ST put this warning from Newt Gingrich about a third party springing up in 2012 up in Hot Headlines yesterday, which gives me the perfect opportunity to launch into my thoughts on this possibility. I’ve been tossing this around for the last 4 years, since President Bush’s re-election, when I became convinced that a significant portion of the Republican Party was more interested in purchasing the middle by growing government than actually opposing the Socialization of America espoused by the Democrats since LBJ. I’ve alluded to my thought process several times in my looks at where conservatism has been the last couple years.
First, allow me to summarize the gist of Gingrich’s comments. He notes that all of the Obama administration spending excesses were set up by the Bush administration, and that there is an undercurrent of disgust aimed at both parties. We all know about the right-v-Republican-v-right battle, and there was at one point a rather heated left-v-Democrat one. However, the Democrats in power are rapidly healing that rift, even as there are rumblings of a center-v-Democrat one. I’m not exactly convinced that “Blue Dog Democrats” or PUMAs exist, but if they do, they could make a third party a much more intriguing proposition.
The essential part of creating a third party is finding something that is not addressed by either of the two existing parties, but is popular enough to create an electoral majority. The ideology that is closest to being able to create that, social conservatism, has been sufficiently tarred by the left that even though individual issues still win on the ballot, politicians are sufficiently scared of the tar to actually attach themselves to it.
I wish I could believe that fiscal conservatism could be that glue. The scope of the various Tea Parties are encouraging. However, I’ve seen this before in the county I live in (Milwaukee County, Wisconsin), and while we still have the County Executive that got swept in, a supermajority of the County Board went back to the tax-and-spend-and-tax-and-spend-and-tax-and-spend tactics that ultimately led to the pension scandal that sparked the temporary tax revolt.

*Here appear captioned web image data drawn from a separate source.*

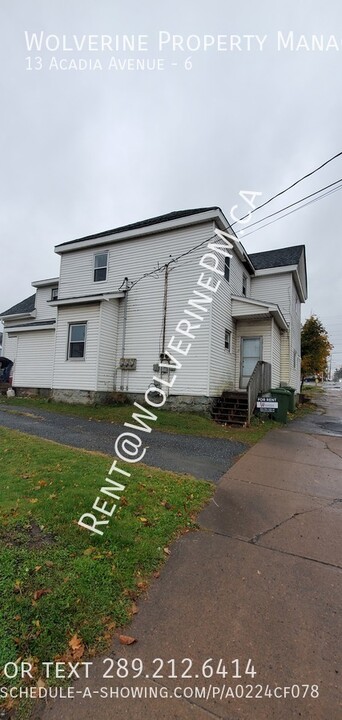 13 Acadia Ave in Stellarton, NS - Building Photo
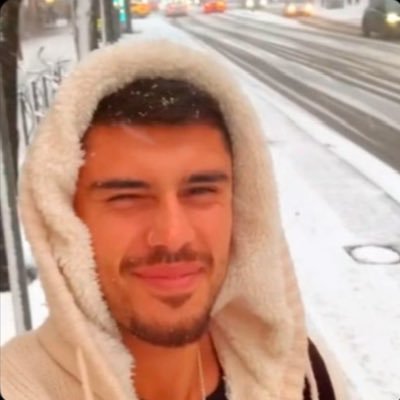 lambrou_an32401's profile picture. 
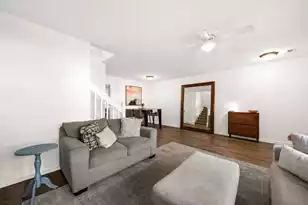 553 Taryn Dr, Charleston, SC 29492 - Photo 5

Even if a conservative glue could be found, there’s the matter of supplanting the Republican Party as the “Not-Democrat” Party. In most states, the existing “third” parties have consistently failed to get more than a handful of votes. Given the plurality-wins structure in most states, there will necessarily be a rather lengthy stretch of comlete Democrat control of government.

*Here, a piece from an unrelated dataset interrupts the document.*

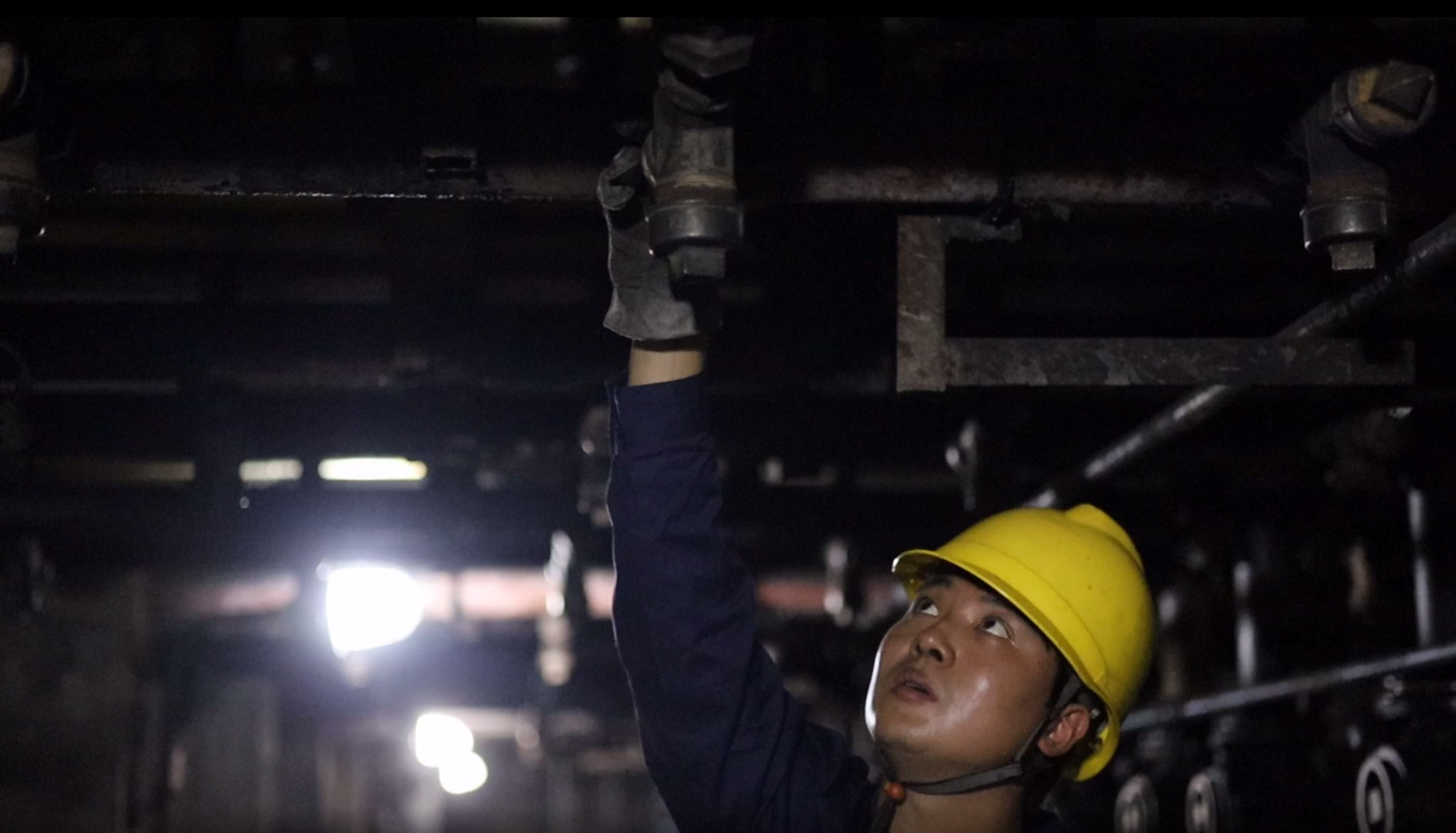 丁洪毅疏通焦爐管道.jpg 丁洪毅疏通焦爐管道.jpg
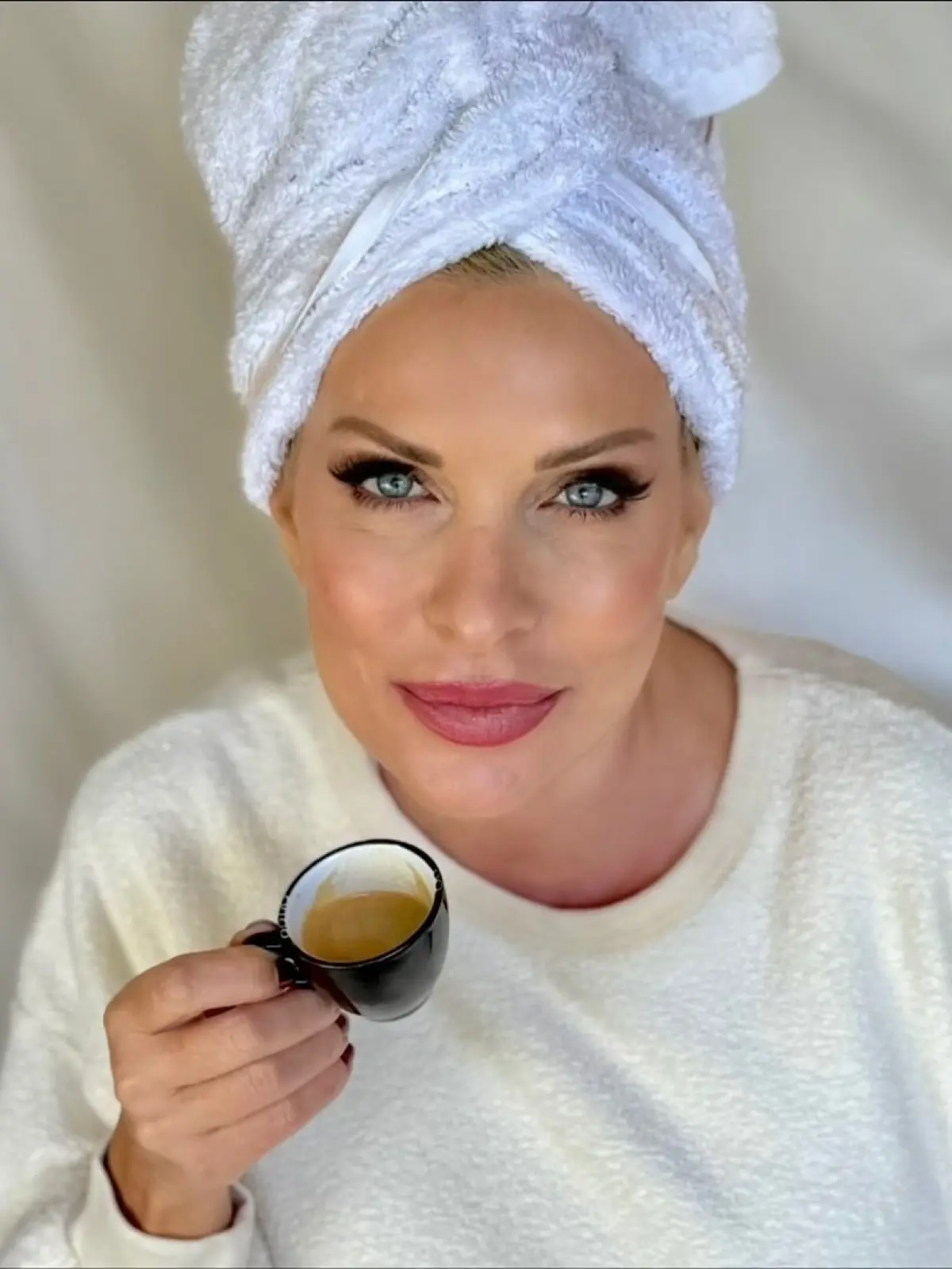 Η Ελένη Μενεγάκη στο Instagram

That brings me to the other limiting factor; time. There are actually three different clocks running; the 2010 elections, the point at which the “looters” and “moochers” are a majority, and the point at which the entitlement scheme starts drawing from the general fund rather than supplementing it. One could argue that we’re already past the second point; the fact that President Obama took a majority of the vote with a very-thinly-veiled Socialist agenda, and the Democrats in Congress and in statehouses increased their majorities with an unveiled Socialist one, would suggest that point has been crossed.

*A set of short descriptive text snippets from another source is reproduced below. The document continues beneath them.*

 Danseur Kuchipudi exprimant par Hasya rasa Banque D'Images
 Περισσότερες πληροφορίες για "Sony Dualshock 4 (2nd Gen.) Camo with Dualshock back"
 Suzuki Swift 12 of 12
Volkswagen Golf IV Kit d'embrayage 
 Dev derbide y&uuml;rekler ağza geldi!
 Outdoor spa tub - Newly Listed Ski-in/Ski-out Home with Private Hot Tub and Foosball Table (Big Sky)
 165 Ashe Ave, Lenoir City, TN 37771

Similarily, it probably is too late to create a new “Not-Democrat” Party that will have a chance in the 2010 elections. It took the Republicans 6 years to be a force on the national scene. I’ve stated time and again that today’s Democrats will try their hardest to not repeat the mistakes of the 1850s and allow an “upstart” party to get enough roots to challenge their hegemony.
While there still is almost a decade before Social Security goes into the red, the problem is that those in office after the 2010 elections will be the ones to redraw the districts. Meanwhile, not only is nothing being done to correct the problem, but the things that can correct the problem have been systematically wrecked.
If someone could give me good news I could believe in, I would appreciate it.